Maybe it speaks to a risk-averse nature, but I’ve always been interested in failure and in learning from the mistakes of others – obviously so I don’t have to learn such lessons first hand. This is particularly important when you engage in activities where bad decisions can kill you. But generally, as any book on mountaineering mishaps demonstrates, it takes a series of errors in the “correct order” and at the wrong times to cause you serious harm.
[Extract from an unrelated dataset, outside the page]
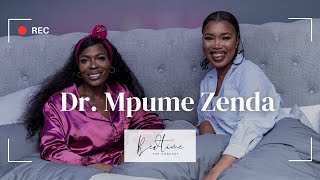 The Sexual Journey That Leads to Self-Empowerment | Ep 4 | Dr Mpume Zenda #bedtimethepodcast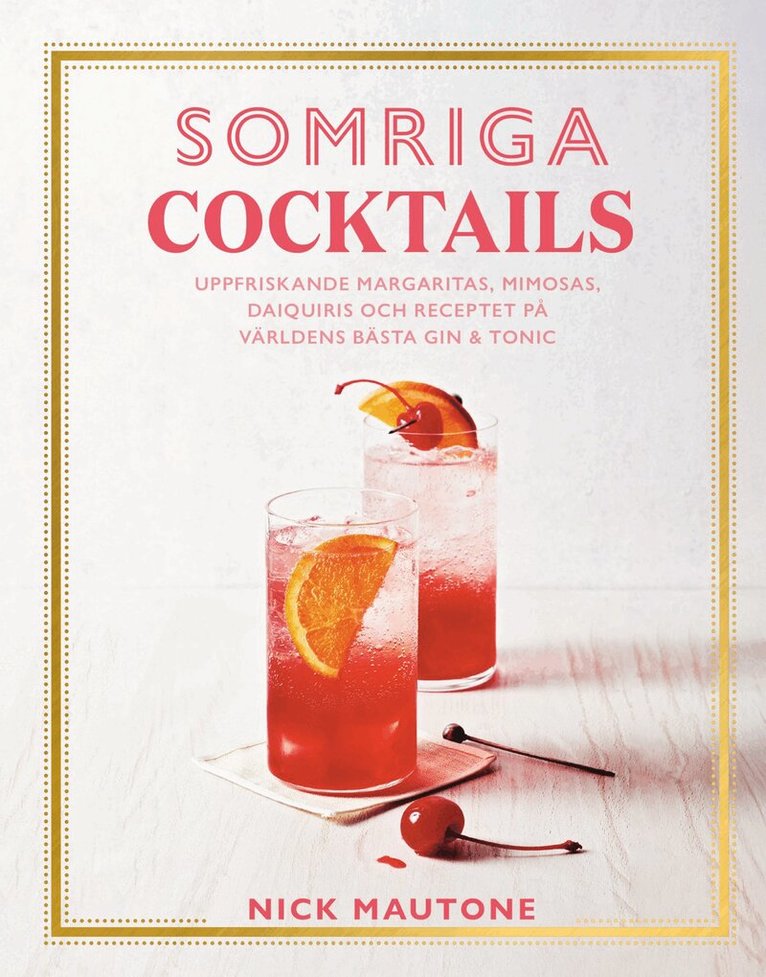 Nick Mautone - Somriga cocktails, Inbunden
In high risk activities under adverse conditions, it’s not hard to make poor decisions that you would never contemplate from the comfort of your favorite living room chair. But while there is little risk to life and limb on the Internet, its very connectedness means that the blunders of pretty much anyone can impact you. What is important in this environment is the half-life and the reach of the mistakes. Those that are local and die out quickly have little chance of resulting in global mayhem. Others compound with all the other endless screw-ups regularly going on and eventually become a giant avalanche careening down hill, collecting mass and bearing down on the sleeping village below. This is one of those stories. It might be true or it might not. Your opinion depends on how much imagination you think we have!
Our tale starts innocently enough with a global upscale hotel chain, call them Hotel-A. (No, not that one.) Hotel-A decides it is time to get serious about updating the software on their desktops. For a large organization, these updates really should be downloaded once to a local server and pushed or pulled from there. But that takes time and a little expertise; the easier option is to burn your Internet bandwidth by updating all machines directly from the Content Delivery Network (CDN) serving this up. The CDN is hosted by Provider-C, a global Internet transit provider.
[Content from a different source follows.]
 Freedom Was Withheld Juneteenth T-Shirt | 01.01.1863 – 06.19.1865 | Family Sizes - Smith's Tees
Mistake #1: Ignore scaling issues and take the easy way out.
To compound this error, Hotel-A elects to take the defaults, updating all PCs at exactly the same time.
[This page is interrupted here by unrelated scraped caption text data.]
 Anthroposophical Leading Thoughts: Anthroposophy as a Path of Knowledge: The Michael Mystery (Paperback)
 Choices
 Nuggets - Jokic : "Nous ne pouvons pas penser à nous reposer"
Mistake #2: Ignore scheduling issues. Who cares what happens at 3am anyway?
Hotel-A staff now have a ticking time bomb in place, set to go off on a particular day of the month. Every one of their PCs (probably thousands) will start to suck down a large and identical set of updates at that time. This will go on for many hours and effectively saturate all of their Internet links. ( Like this.) Sure enough, Hotel-A’s self-DOS proceeds on schedule and their network operations staff identifies it as such, failing only to prepend “self” to the problem report. Network operations in turn calls their transit provider, Provider-A, another global carrier.
Mistake #3: Blame the Boogeymen on the Internet before looking in your own backyard.
We’ve all been in similar situations. Provider-A greatly values and implicitly trusts Hotel-A. They are a good customer and pay serious money for services. The time to act is now!
Mistake #4: Accept the reported problem at face value, rather than investigate yourself.
Now, how hard would it have been to notice that the source of the “attack” was a major CDN? Provider-A decides to blackhole all traffic from the source network. But they do more than that – they blackhole all traffic from this network to all of their customers, not just Hotel-A.
Mistake #5: Overreact in a time of crisis.
Next, Provider-A compounds the problem by announcing the black-holed network as their very own. That is, they start originating a network that in fact belongs to Provider-C.
Mistake #6: Carelessly inject your IGP routes into BGP.
The folks at Provider-C now start to get reports about the inaccessibility of the CDN they host. These folks are smart and run a tight ship. They carefully check out the complaints from various points on their worldwide network, but to no avail. Everything looks great from inside their network and from various external points as well. Provider-A ultimately figures out what they have done and withdraws the route, leaving Provider-C scratching their collective heads about exactly what happened, as their traffic suddenly returned to normal. They give Renesys a call to see if we have noticed “anything odd” about the problem network. One quick look shows Provider-A and Provider-C both originating the same network for a short period of time one nice summer morning. Given the reach of both carriers, the Renesys global peering set was roughly evenly divided between the two. So half the world had access to the CDN and half did not. The CDN and Provider-C were both collateral damage from a series of mistakes made by others.
You might think that such a sequence of events is highly unlikely and so probably didn’t happen. Or you might think that we aren’t clever enough to have actually made up such a story. Regardless, I happen to believe that cascading failures are common, although underreported. With billions of mistake prone humans connected to the global Internet, how could this not be the case?
In conclusion, there are really two important morals to take away from this story. First, it is fairly trivial to economically harm even the best run networks. Second, you can’t effectively monitor your network from within your network. While it’s true all the protocols on the Internet are from a happier day and are now seriously broken and in need of replacement, your only real alternative to awaiting for nirvana might be to have someone else watch your (high-value) back and to keep a list of those NOC phone numbers handy.